──────── Input records
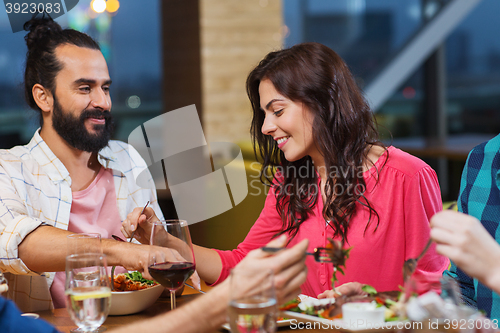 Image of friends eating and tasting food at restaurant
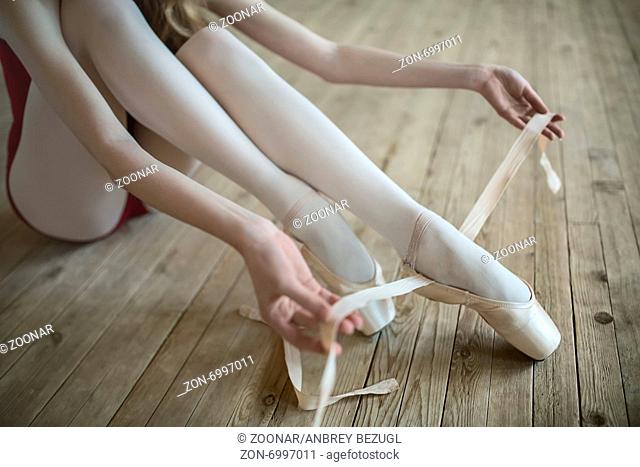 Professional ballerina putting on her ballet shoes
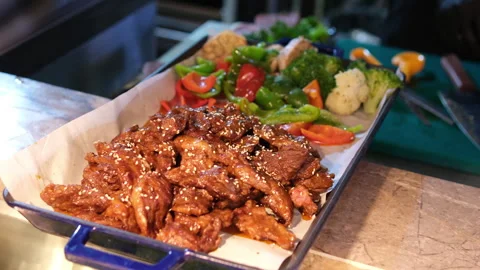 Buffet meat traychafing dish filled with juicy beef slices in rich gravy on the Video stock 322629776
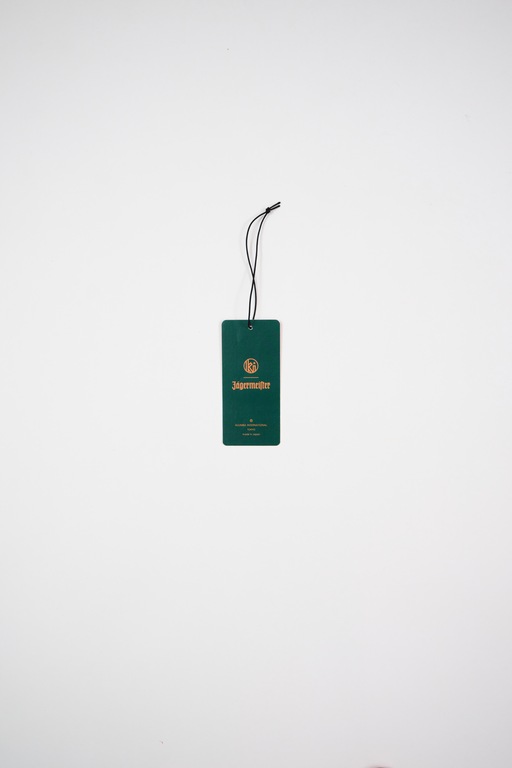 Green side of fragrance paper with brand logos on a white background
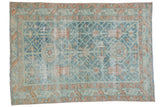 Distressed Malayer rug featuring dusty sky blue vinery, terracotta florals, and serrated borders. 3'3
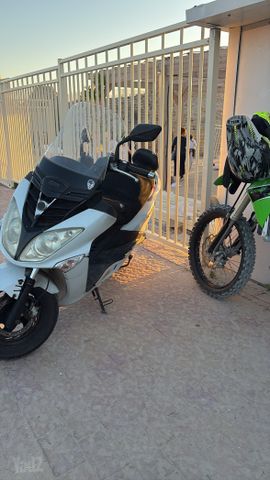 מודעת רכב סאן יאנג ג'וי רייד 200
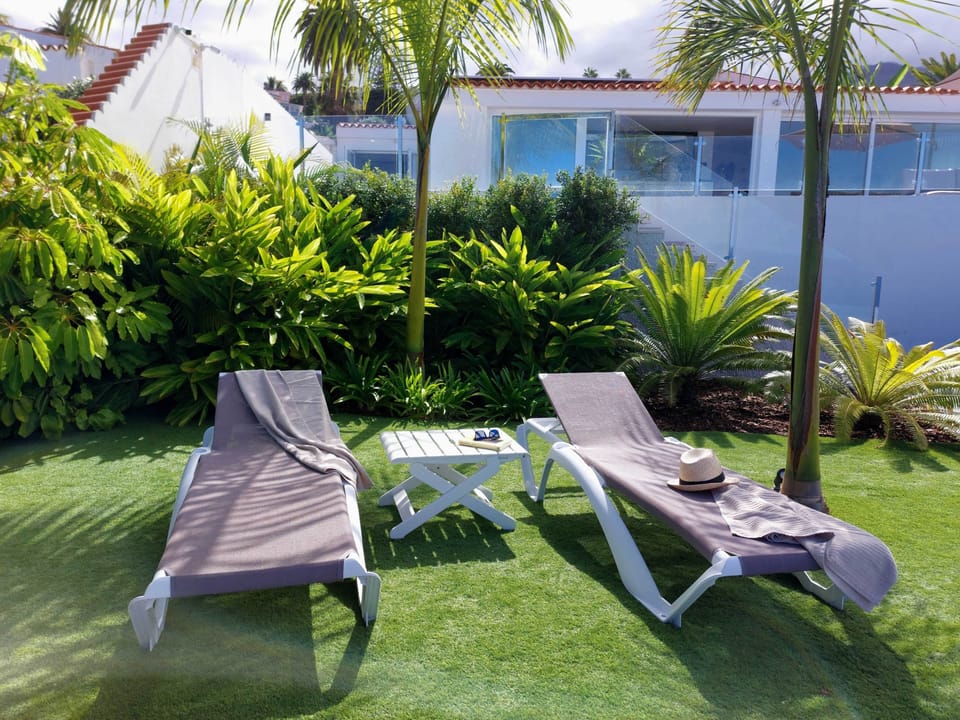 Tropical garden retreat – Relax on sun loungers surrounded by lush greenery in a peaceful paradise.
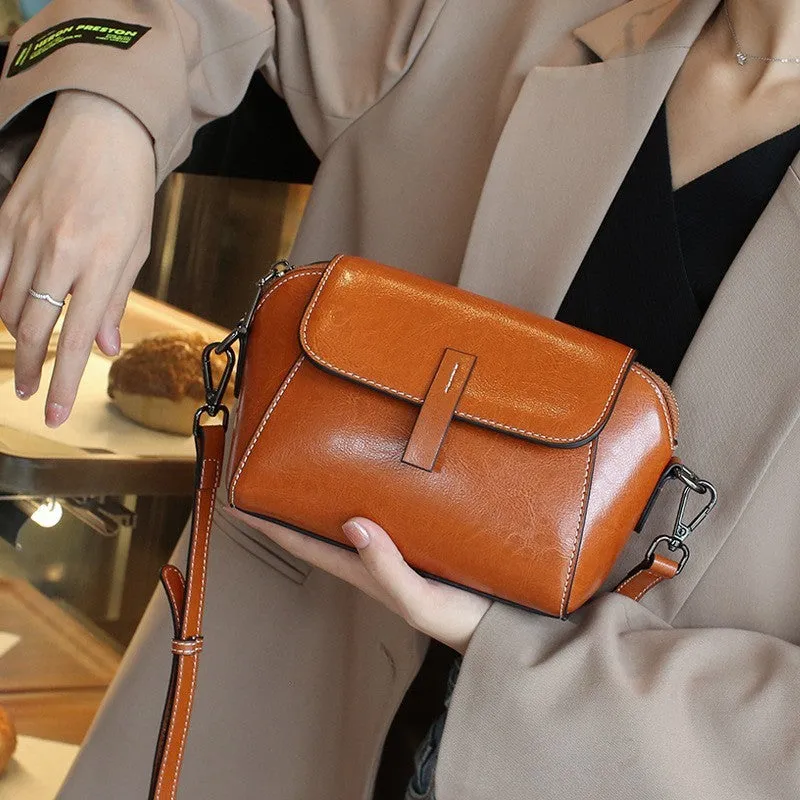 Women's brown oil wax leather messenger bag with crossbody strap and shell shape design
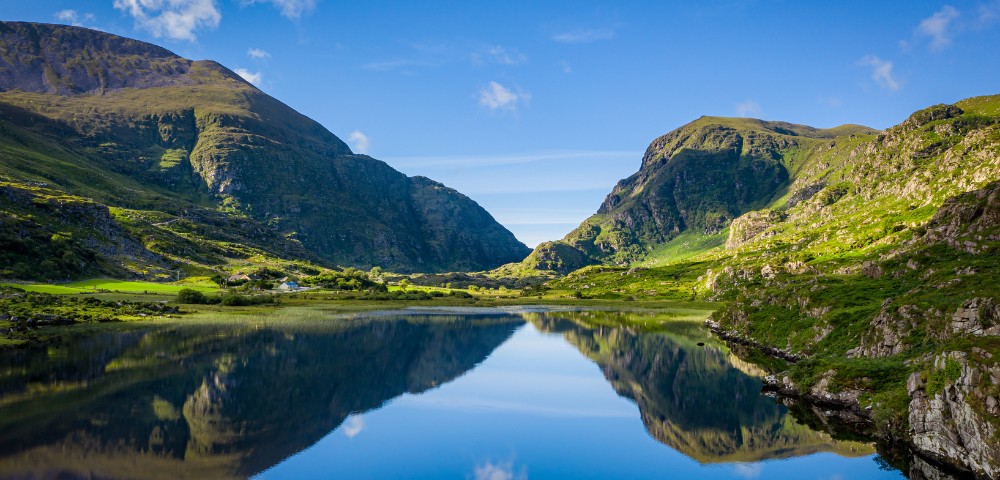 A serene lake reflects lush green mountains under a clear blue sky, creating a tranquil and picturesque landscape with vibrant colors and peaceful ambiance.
────────────────
### Activity
An exact reproduction of every record above is required, with no pictures included.

### Solution to this exercise
 Image of friends eating and tasting food at restaurant
 Professional ballerina putting on her ballet shoes
 Buffet meat traychafing dish filled with juicy beef slices in rich gravy on the Video stock 322629776
 Green side of fragrance paper with brand logos on a white background
 Distressed Malayer rug featuring dusty sky blue vinery, terracotta florals, and serrated borders. 3'3
 מודעת רכב סאן יאנג ג'וי רייד 200
 Tropical garden retreat – Relax on sun loungers surrounded by lush greenery in a peaceful paradise.
 Women's brown oil wax leather messenger bag with crossbody strap and shell shape design
 A serene lake reflects lush green mountains under a clear blue sky, creating a tranquil and picturesque landscape with vibrant colors and peaceful ambiance.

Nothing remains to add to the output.